This dating app is aiming to be a real ‘ghost’ buster
Coffee Meets Bagel, the four-year old San Francisco-based dating app, will revamp itself this week with a mission to eliminate “ghosting” — even as it looks to spur more romantic connections.
Ghosting — in which a dating-app user stops responding to another’s messages without notice or explanation, even after going out on one or more dates — has become an epidemic with the rise of Tinder, according to Coffee Meets Bagel co-founder Dawoon Kang.
“Tinder has propagated this swiping culture where a ton of people are feeling jaded about dating and dating apps,” according to Kang. “People are getting ghosted like crazy.”
Ghosting was already addressed pretty well in the first version of Coffee Meets Bagel. That’s because users each day were served just one single “bagel,” or romantic prospect, each day.
The idea was that women in particular don’t relish swiping through mounds of dating profiles as they search for a serious prospect, according to Kang.
Men, on the other hand, have consistently griped about the app’s one-bagel-a-day policy, she admits.
Indeed, while men account for 60 percent of dating-app users, they’re also twice as active as their female counterparts. The annoying result: men are sending 75 percent of the messages.
“Women feel overwhelmed, and the guys are frustrated because the women aren’t responding,” Kang says.
Accordingly, a compromise has been struck.
In a new feature called "ladies choice," men will be served up to 21 bagels per day, while women may receive as many as five.
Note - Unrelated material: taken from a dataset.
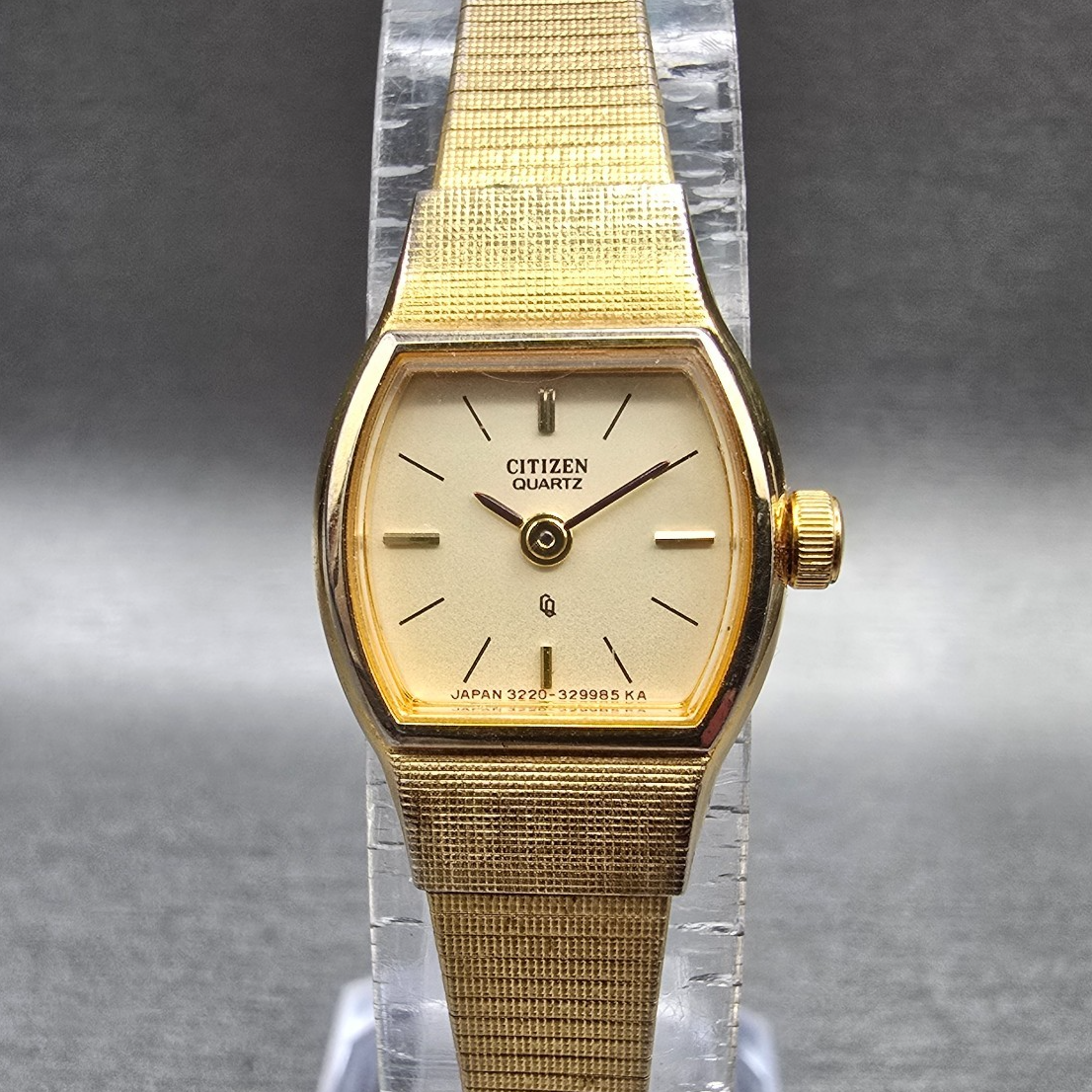 Citizen CQ Watch Women 17mm Champagne Dial Gold Tone 3220-324111 New Battery JP0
In the case of the women, however, all the bagels they’re served are men who have already expressed interest in them.
The app feels that will lead to less ghosting.
In addition, Coffee Meets Bagel’s algorithms give priority to men who match the interests of a given woman, as well as characteristics that have attracted the woman in the past.
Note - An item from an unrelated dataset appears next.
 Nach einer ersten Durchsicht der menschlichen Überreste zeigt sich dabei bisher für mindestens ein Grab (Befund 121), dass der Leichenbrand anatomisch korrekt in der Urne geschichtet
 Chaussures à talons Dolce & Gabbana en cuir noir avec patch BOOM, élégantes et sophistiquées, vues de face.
“Women are much more focused on the quality and safety aspect of it,” Kang told The Post. “And now, they can give the attention to your profile that it deserves, because she knows she’s spending time with people who are serious about her.”
A recent pilot in Hong Kong of the new features was a big success, boosting connections by 87 percent.
“Women really like the fact they have control,” Kang says. “They’re not wasting time on guys that aren’t interested.”
The new features was launch in New York City on Tuesday. The Big Apple is the app’s largest market with 66 million matches engaging in more than 23 million chats to date.
Last year, Coffee Meets Bagel closed on $7.8 million in Series A venture funding. While the app isn’t yet profitable, monetization features that allow users to buy virtual coffee beans to get more info on romantic prospects are generating enough cash to get the app through this year.